Penetration Testing Wireless Embedded Systems

Paladion
By Paladion

December 18, 2007

How do we test embedded wireless systems?
Let's take a fictitious product, a Remote Pilot System to see the process.

Our imaginary Remote Pilot System (RPS)
lets pilots guide an aircraft from outside the cockpit, say from the First
Class cabin, or even from the ground. The cockpit transmits all data to the
RPS. The pilot studies the RPS console and instructs the controls in the
cockpit. He might even be miles away from the cockpit.

For now, let's assume that the pilot is
seated in the First Class cabin. The RPS connects to the cockpit via a 802.11x
wireless protocol. The RPS talks to the dials and joysticks in the cockpit
using a custom protocol, layered atop the standard wireless protocol.

That's enough background. On to the
penetration test...

The
Method

First, figure out the threats to the
system. That's the Threat Profile in our lingo.

An adversary...

... hijacks the controls of the plane from
the pilot
... tampers with the instructions sent by
the pilot

... messes the dial readings the pilot sees

... knocks out the connection between the
RPS and the cockpit

Probably not exhaustive, but those are the
most important ones. Good enough. Let's move on.

Next, we create the Test Plan. The
Test Plan maps each threat to different lines of attack. Examples of
"lines of attack" are: replay attacks, sniffing, jamming, etc.

Let's take one threat from our Threat
Profile and figure out a test plan. Consider: "An adversary tampers with
the instructions sent by the pilot". Here're different lines of attack we
could try:

1.     
Replay
an instruction sent by the pilot: when the pilot instructs the plane to climb
5000 feet, capture the request, and replay it multiple times to send the plane
zooming up

2.     
Intercept
the request via a man-in-the-middle attack and modify the variables: change
that 5000 feet to 25000 feet and see what happens.

3.     
Insert
instructions the pilot never made: unlock the doors, turn off radio contact,
reduce the speed

We think through and prepare the test plan.
The better the test plan, the stronger the test.

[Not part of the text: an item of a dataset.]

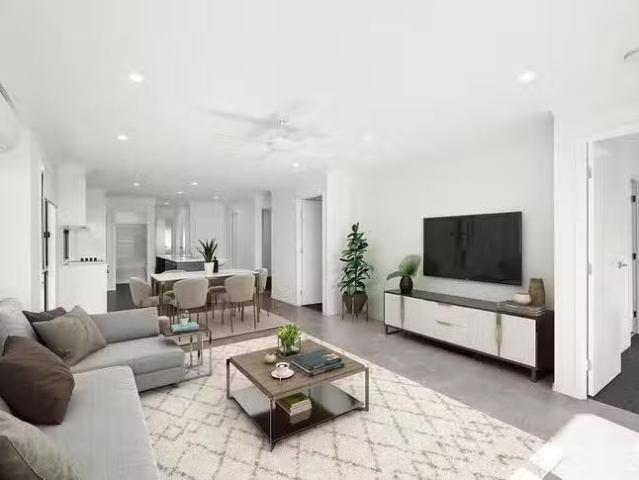 Rental! 31 Miller Boulevard, Lawnton, QLD 4501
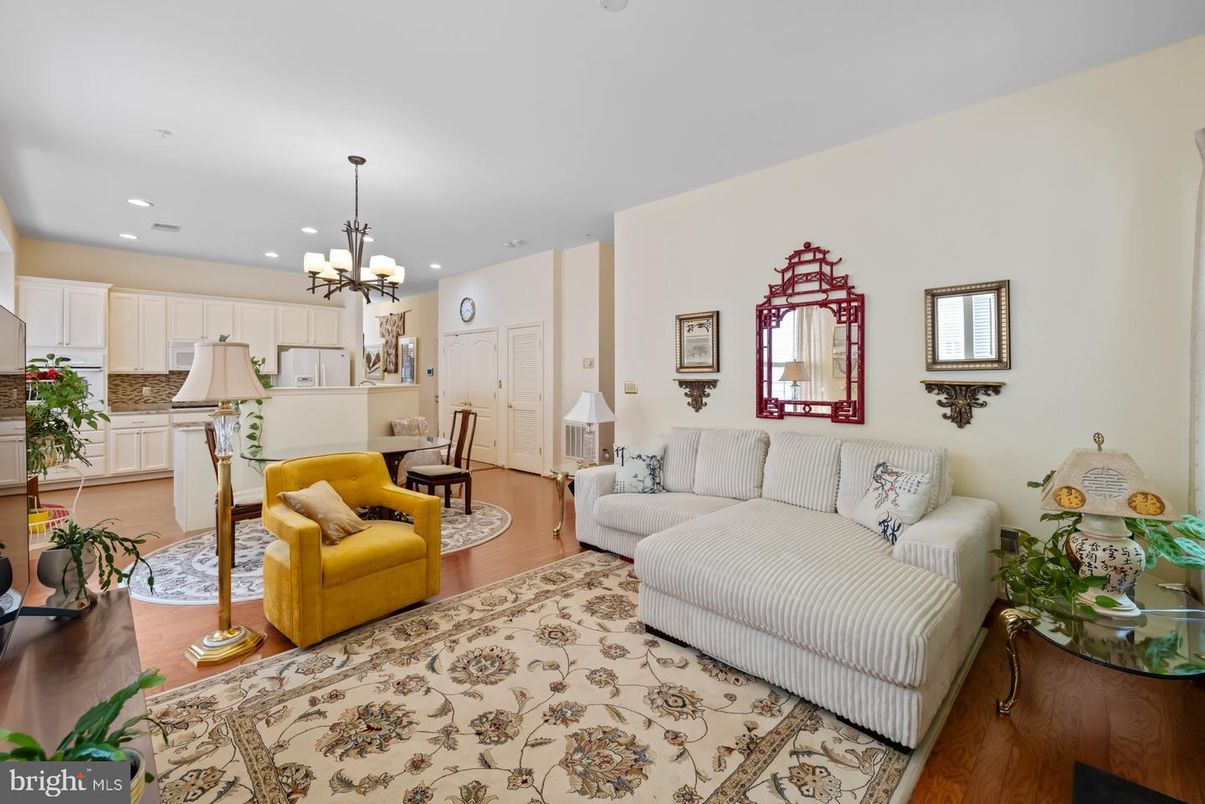 Chandelier, Interior, Kitchen, Living room, Pendant Lights, Recessed Lighting, Wood Texture Flooring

Once the Test Plan is ready, figure out
the exact Test Cases
for each line of attack. Let's take an example:

Replay an instruction sent by the pilot.
How does the test case for this look? Remember the RPS is talking over a
Wireless LAN and it's no doubt using some form of encryption. So, step #1 is to
identify the encryption scheme. Next capture enough packets to try and break
it. If we break it, we then locate the packets with instruction from the pilot.
Find out an instruction that's sent in just one packet, say "Climb 5000
feet now!" We are really figuring out the RPS custom protocol here.

Recreate wireless frames for that
instruction, spoofing it to come from the pilot and re-inject it back in the
air. Watch our balance to see if the test succeeded.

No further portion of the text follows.